Our girls. By Lynda Kennedy Photography
Well hello there! It’s been 7 weeks since we welcomed Millie Taylor earthside . Our third (and final) child. Delivered at home, 10 days late, so swiftly and so sweetly. Millie is, by far, my most cuddly child, with the sweetest demeanor. Both of her sisters love her and she fits the “baby of the family” persona quite well.
We now have a 4 yr old (in a wheelchair, completely dependent on us), a 2yr old (mobile and busy) and a newborn. Our life is rich. I’ve been on the down low more than ever before in my life . I say no to social engagements like I’m paid for it. The 22 year old Hilary would be appalled.
Rather than waiting for some grand writing debut when all my kids are 16 years old and I feel successful, I figured there’s no better time to reflect on our crazy, unconventional life than when we’re right in the middle of it.
The following is a step by step analysis of an afternoon in the Harris house.
This is not an exaggeration. The characters, events, and timelines you are about to read about are all completely non fictional.

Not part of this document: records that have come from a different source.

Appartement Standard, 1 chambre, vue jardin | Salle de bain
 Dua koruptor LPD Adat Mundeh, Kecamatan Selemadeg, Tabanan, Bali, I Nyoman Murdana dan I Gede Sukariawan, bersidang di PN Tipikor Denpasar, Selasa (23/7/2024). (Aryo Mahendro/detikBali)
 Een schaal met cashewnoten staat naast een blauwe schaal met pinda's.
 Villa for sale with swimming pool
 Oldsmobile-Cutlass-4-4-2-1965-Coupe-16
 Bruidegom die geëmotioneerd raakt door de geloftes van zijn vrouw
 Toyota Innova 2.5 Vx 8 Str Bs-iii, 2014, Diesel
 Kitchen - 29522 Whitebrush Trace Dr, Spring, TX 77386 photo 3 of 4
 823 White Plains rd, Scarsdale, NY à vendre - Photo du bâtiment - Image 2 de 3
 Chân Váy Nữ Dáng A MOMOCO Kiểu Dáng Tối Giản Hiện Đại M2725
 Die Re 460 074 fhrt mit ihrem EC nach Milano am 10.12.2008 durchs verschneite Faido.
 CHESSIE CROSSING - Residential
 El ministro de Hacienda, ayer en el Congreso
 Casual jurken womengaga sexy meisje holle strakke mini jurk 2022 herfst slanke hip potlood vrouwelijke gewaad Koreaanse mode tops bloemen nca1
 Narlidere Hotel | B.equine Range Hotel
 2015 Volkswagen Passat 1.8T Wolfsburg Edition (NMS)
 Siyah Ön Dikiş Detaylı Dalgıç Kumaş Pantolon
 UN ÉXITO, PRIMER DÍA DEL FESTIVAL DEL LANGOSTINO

For the sake of quick reading, we’ll pick up after mid day naps…
2:36pm
- Everyone wakes up from a nap.
- Everyone is apparently in a great season of lament. I don’t know what we’re mourning. Probably the great time when everyone was asleep. Or the late morning when I was at my parents house and Haven was playing and Millie napped while I watched The Bachelorette. Whatever it is, my children are experiencing deep grief.
- Calm Millie down. Put Millie down for another snooze.
- Hold and connect with Haven so she doesn’t need emotional counseling later in life. Promise her potato chips if she finishes a peach I cut up 4 hrs ago.
- Put Haven’s shoes on and take the drama outside because she doesn’t care enough about potato chips to finish eating a peach.
- Open the door for Haven to go outside and finally tend to Jane, who is still inside.
- Find Jane, in her cozy swing, laying in a small amount of vomit, and a full diaper.
- Haven is screaming outside. There was a bug. Bring her back inside.
- Return to Jane.
- Start load of whites. (Cause vomit)
- Take Jane and Haven back outside.
- Millie is crying inside.
- Get baby and go outside.
- Start Jane’s afternoon snack on her feeding pump.
- Start blowing bubbles for Haven with my free hand while I nurse Millie.
- Haven wants to do the bubbles by herself.
- Hand feed haven the old peach while I nurse Millie and Haven pretends like she can blow bubbles.
- Haven spills the whole bottle of bubbles on the ground. (Honestly, thank God).
- Haven wants to eat the peach herself. She takes the bowl and drops bowl of peaches on the ground (obviously).
- Tell Haven to pick them up and eat them.
- Help her pick them up and lick my fingers. Remember that I cleaned vomit and poop and never washed my hands. But I did do laundry so that counts I think…
- Haven and Millie are happy and quiet, Jane’s feeding pump beeps at me. It’s far away. I actually think it ran out of battery because I never got up to turn it off and it’s not beeping anymore as I write this.
- Haven asks “What’s that bee?” 6 times. I tell her , “It’s a bee”.
- I remember our “at home date night” we had last night. It feels like 3 yrs ago. Or maybe it was a dream within a dream.
- I remember Rich has worship team night tonight. He will be gone for the evening. I die inside.
- Ignore all children and type this bullet point list.
- It’s 3:56pm
- Plan to post this entry later in the evening. Post it exactly one week later.
Guys, life is fun right now. It is exhausting and hilarious. While there is SO much fullness, there are so many opportunities to become void. Void in our marriage, our health, or our mental capacity to deal with grief and trauma and memories. Outside of this entertaining afternoon, there is also bills to be handled, appointments to be attended, and really hard decisions to be processed. All of this, if not handled well, can lead to void.
Through the next couple weeks I’ll be processing and posting all the things I wish someone had told me before we began his crazy journey, that I am starting to figure out for myself.
I’m excited to write to you again. I’m excited to connect with words to the other parents and families dealing with a special needs loved one, or un-invited life circumstances. Maybe it’ll be posted soon. Maybe in 2 years, either way, I’m back! And it’s coming!
* Any and all typos will be corrected by my husband at a later time, after business hours. For now, enjoy.
christina pann says
your bullet points were too good. SO excited for more! Love you amazing friend, mama, comedian.
Laura G says
from a single lady in waiting – thanks for keeping it real <3
you were the person preaching the first day I came to TFH and I knew you were awesome, you have a great way with words!